Arens, who met with Shultz last Thursday afternoon, asked him why the State Department had issued a statement earlier in the day based on remarks by Israeli Deputy Premier and Housing Minister David Levy that five to eight new settlements would be set up soon. Levy made the remarks during a visit to the West Bank.

The U.S. statement called the announcement “unwelcome” and charged that “Israel persists in a pattern of activity which erodes the confidence of all and most particularly the Palestinians of the West Bank and Gaza in the possibilities for a just and fairly negotiated outcome to the peace process.” President Reagan, in the peace proposals for the Middle East he announced September I, called for a freeze on settlements.

Arens pointed out that only the Israeli Cabinet can decide on new settlements and that no decision has yet been made. The Shultz-Arens meeting was chiefly devoted to a discussion of the situation in Lebanon and Egyptian-Israeli relations, the Israeli envoy said.

At the State Department Friday, spokesman John Hughes said the Department statement issued Thursday was based on Levy’s remarks. “We were responding to what we understood was to be the announcement of new and additional settlements,” Hughes said.

PROSPECTS FOR NEGOTIATIONS

On other matters, Hughes said the U.S. has agreed to a request by Foreign Minister Kamal Hassan Ali of Egypt that the U.S. join Egypt and Israel in talks about the Taba region, a small parcel of land near Eilat which has been in dispute between Israel and Egypt since Israel completed its withdrawal from Sinai last April. Israel has said it will not enter negotiations on the Taba issue unless the negotiations include the issues of autonomy and the normalization process.

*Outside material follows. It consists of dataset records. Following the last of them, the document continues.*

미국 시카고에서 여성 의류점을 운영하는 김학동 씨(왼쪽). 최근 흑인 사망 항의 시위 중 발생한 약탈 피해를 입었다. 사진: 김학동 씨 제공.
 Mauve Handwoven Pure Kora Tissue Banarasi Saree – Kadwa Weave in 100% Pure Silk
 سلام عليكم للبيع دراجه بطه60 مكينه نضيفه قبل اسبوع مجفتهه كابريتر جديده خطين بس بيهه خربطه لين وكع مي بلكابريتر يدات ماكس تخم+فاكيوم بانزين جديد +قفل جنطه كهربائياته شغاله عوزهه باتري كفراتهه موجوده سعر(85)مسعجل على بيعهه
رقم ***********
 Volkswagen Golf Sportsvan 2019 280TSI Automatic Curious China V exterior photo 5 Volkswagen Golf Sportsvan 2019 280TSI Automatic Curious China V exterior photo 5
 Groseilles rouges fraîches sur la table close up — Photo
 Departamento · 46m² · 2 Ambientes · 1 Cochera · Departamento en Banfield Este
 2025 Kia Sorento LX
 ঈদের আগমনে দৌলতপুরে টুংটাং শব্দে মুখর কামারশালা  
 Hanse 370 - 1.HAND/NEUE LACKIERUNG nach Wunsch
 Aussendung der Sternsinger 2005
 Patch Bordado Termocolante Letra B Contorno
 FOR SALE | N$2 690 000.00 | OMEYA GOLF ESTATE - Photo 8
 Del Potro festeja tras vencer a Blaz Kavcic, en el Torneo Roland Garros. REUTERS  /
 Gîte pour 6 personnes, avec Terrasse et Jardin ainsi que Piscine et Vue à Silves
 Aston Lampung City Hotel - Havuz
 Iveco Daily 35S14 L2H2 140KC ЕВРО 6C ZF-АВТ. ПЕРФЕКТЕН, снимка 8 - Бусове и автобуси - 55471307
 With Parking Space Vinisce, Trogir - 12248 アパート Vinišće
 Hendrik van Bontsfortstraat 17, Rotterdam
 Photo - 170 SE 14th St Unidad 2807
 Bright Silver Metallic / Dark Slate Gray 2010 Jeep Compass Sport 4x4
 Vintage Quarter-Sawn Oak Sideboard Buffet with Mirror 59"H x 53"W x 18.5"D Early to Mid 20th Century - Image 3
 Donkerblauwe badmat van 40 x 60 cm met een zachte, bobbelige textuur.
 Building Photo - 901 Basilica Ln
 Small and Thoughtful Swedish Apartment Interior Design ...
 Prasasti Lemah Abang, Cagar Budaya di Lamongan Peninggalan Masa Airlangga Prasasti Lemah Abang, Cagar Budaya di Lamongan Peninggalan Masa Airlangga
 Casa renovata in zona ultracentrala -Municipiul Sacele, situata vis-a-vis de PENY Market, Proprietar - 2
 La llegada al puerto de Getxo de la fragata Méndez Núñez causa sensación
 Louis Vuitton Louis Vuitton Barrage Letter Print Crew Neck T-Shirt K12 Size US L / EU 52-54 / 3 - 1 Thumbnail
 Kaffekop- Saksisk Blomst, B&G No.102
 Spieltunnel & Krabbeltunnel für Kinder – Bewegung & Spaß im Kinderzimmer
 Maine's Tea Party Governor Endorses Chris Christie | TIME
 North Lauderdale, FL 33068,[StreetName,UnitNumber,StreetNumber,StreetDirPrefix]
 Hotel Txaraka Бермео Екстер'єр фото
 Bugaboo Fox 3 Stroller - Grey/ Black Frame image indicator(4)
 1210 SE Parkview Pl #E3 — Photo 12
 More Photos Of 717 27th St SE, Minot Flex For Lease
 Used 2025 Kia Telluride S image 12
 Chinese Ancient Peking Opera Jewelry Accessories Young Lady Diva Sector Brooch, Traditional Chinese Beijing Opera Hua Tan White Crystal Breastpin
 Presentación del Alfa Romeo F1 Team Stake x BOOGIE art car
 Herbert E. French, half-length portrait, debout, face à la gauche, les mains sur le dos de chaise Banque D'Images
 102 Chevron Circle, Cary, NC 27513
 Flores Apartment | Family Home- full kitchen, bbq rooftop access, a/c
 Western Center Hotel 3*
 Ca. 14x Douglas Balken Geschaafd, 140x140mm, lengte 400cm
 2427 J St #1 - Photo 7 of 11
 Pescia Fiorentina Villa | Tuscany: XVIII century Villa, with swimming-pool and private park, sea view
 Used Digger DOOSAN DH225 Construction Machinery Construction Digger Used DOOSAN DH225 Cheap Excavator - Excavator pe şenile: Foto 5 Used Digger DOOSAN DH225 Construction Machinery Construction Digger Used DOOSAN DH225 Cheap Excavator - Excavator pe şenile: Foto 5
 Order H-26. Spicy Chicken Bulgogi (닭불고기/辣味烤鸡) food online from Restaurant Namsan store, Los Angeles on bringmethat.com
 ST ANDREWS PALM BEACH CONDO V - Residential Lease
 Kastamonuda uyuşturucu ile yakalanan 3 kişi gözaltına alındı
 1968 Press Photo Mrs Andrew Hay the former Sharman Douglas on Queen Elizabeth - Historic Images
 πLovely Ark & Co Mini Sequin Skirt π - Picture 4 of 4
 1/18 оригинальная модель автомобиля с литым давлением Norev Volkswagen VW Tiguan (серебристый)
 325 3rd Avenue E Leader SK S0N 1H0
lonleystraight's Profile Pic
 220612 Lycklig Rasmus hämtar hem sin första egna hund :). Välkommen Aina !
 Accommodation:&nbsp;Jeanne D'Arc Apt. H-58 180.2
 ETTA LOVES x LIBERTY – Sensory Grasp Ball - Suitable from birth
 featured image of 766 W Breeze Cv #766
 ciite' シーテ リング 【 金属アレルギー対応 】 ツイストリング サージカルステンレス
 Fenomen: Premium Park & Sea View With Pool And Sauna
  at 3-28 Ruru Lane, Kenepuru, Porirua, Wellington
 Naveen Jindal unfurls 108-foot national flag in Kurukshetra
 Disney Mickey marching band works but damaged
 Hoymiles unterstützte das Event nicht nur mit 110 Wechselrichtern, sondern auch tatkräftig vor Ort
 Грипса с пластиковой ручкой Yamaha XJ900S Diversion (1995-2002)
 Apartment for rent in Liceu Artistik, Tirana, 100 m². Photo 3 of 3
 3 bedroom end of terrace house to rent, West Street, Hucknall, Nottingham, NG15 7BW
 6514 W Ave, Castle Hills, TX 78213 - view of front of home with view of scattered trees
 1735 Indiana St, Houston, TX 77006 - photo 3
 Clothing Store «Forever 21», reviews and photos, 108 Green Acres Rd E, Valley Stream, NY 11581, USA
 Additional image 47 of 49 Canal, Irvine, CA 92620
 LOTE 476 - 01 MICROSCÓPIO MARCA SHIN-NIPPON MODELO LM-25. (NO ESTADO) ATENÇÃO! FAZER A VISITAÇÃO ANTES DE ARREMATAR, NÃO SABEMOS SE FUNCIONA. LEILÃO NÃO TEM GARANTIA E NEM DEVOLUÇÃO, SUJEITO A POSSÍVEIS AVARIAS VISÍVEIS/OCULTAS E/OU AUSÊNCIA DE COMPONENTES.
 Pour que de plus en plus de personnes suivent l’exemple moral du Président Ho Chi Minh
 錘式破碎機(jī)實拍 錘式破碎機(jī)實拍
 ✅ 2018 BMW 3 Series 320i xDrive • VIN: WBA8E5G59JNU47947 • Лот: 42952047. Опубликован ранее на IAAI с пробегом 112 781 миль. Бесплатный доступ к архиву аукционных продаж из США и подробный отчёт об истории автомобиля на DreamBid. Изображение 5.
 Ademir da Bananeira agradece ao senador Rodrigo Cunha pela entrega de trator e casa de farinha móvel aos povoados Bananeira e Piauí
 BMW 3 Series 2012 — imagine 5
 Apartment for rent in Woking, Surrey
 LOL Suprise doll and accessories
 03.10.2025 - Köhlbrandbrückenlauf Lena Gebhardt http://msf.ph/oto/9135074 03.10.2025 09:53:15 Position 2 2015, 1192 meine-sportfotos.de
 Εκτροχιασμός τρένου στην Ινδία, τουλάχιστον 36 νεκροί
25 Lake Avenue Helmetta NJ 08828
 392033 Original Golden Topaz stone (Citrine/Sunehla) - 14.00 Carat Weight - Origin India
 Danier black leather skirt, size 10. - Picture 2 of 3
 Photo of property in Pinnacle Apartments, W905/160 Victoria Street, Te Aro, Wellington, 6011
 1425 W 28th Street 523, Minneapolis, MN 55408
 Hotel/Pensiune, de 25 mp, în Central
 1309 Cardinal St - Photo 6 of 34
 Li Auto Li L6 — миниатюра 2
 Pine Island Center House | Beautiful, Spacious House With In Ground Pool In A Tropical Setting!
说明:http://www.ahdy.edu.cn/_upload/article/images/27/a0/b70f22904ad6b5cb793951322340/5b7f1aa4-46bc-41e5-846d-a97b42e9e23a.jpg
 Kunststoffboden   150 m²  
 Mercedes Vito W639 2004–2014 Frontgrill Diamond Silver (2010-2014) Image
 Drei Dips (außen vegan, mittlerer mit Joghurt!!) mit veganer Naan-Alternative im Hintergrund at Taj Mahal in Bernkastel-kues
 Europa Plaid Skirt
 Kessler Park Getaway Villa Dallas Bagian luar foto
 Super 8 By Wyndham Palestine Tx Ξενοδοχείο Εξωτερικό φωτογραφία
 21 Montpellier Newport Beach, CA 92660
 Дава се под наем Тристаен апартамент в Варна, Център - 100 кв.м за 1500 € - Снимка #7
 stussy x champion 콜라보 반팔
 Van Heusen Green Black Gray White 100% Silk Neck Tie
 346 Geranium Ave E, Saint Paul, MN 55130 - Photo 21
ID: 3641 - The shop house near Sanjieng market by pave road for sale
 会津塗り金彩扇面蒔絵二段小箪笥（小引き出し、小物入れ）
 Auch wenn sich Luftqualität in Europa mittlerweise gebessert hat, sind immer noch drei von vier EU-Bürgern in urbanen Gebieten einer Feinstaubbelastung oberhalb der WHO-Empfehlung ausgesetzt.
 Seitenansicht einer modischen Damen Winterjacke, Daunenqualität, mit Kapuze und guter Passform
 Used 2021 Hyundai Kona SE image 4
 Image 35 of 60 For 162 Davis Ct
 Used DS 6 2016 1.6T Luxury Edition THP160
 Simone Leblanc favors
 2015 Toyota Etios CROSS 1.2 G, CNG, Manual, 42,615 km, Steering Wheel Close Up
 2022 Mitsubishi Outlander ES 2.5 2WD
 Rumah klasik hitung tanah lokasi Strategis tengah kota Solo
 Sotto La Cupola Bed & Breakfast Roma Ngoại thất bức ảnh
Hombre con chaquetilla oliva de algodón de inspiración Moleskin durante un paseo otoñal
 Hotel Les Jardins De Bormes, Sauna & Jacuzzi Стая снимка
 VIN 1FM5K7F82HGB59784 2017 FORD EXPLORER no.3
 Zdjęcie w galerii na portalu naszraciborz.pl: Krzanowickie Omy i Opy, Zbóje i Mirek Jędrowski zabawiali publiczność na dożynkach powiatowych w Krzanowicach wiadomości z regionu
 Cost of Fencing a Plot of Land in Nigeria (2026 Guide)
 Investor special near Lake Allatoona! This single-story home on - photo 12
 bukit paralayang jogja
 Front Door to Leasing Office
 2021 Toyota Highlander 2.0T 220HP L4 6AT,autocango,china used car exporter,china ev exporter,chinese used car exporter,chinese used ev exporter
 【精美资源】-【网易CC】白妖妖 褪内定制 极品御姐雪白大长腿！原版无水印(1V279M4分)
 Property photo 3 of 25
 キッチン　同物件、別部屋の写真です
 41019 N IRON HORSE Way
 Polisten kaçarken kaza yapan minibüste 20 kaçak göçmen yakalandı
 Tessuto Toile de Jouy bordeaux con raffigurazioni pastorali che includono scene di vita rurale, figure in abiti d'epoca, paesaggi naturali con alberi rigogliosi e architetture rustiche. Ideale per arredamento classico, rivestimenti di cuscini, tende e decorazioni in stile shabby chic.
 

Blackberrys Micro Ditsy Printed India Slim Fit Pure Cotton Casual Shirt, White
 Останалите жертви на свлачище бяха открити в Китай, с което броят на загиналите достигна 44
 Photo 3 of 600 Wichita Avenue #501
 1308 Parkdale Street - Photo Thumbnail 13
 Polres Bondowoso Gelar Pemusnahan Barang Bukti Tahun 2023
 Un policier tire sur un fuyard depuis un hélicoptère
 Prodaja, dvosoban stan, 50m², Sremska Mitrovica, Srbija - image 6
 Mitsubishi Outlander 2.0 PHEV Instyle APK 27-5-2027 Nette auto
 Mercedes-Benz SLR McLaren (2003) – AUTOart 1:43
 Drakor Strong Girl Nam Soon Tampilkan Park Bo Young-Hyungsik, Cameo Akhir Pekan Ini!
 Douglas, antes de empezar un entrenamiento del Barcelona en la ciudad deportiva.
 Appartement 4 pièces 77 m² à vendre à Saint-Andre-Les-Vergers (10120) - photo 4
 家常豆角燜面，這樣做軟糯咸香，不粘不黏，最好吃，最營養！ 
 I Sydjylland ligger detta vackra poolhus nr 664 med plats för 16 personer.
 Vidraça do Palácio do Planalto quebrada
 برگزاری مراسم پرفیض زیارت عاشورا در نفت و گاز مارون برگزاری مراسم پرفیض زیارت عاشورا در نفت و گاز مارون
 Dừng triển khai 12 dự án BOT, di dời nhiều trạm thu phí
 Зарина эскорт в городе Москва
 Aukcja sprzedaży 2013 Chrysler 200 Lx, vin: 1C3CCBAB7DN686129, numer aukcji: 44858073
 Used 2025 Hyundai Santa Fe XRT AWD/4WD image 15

Meanwhile, former Secretary of State Henry Kissinger said in New York last Friday that he supports a moratorium on new Israeli settlements on the West Bank. He also expressed optimism, at a meeting of the Association for a Better New York, that conditions for Mideast peace negotiations “have never been better.”

Those conditions, Kissinger said, include the border security Israel feels it achieved following the war in Lebanon, the recognition by Palestinians and their supporters that Soviet support is “meaningless in a crisis,” and an awareness that American weapons “seems to be technologically ahead of the new generation of Soviet weapons.”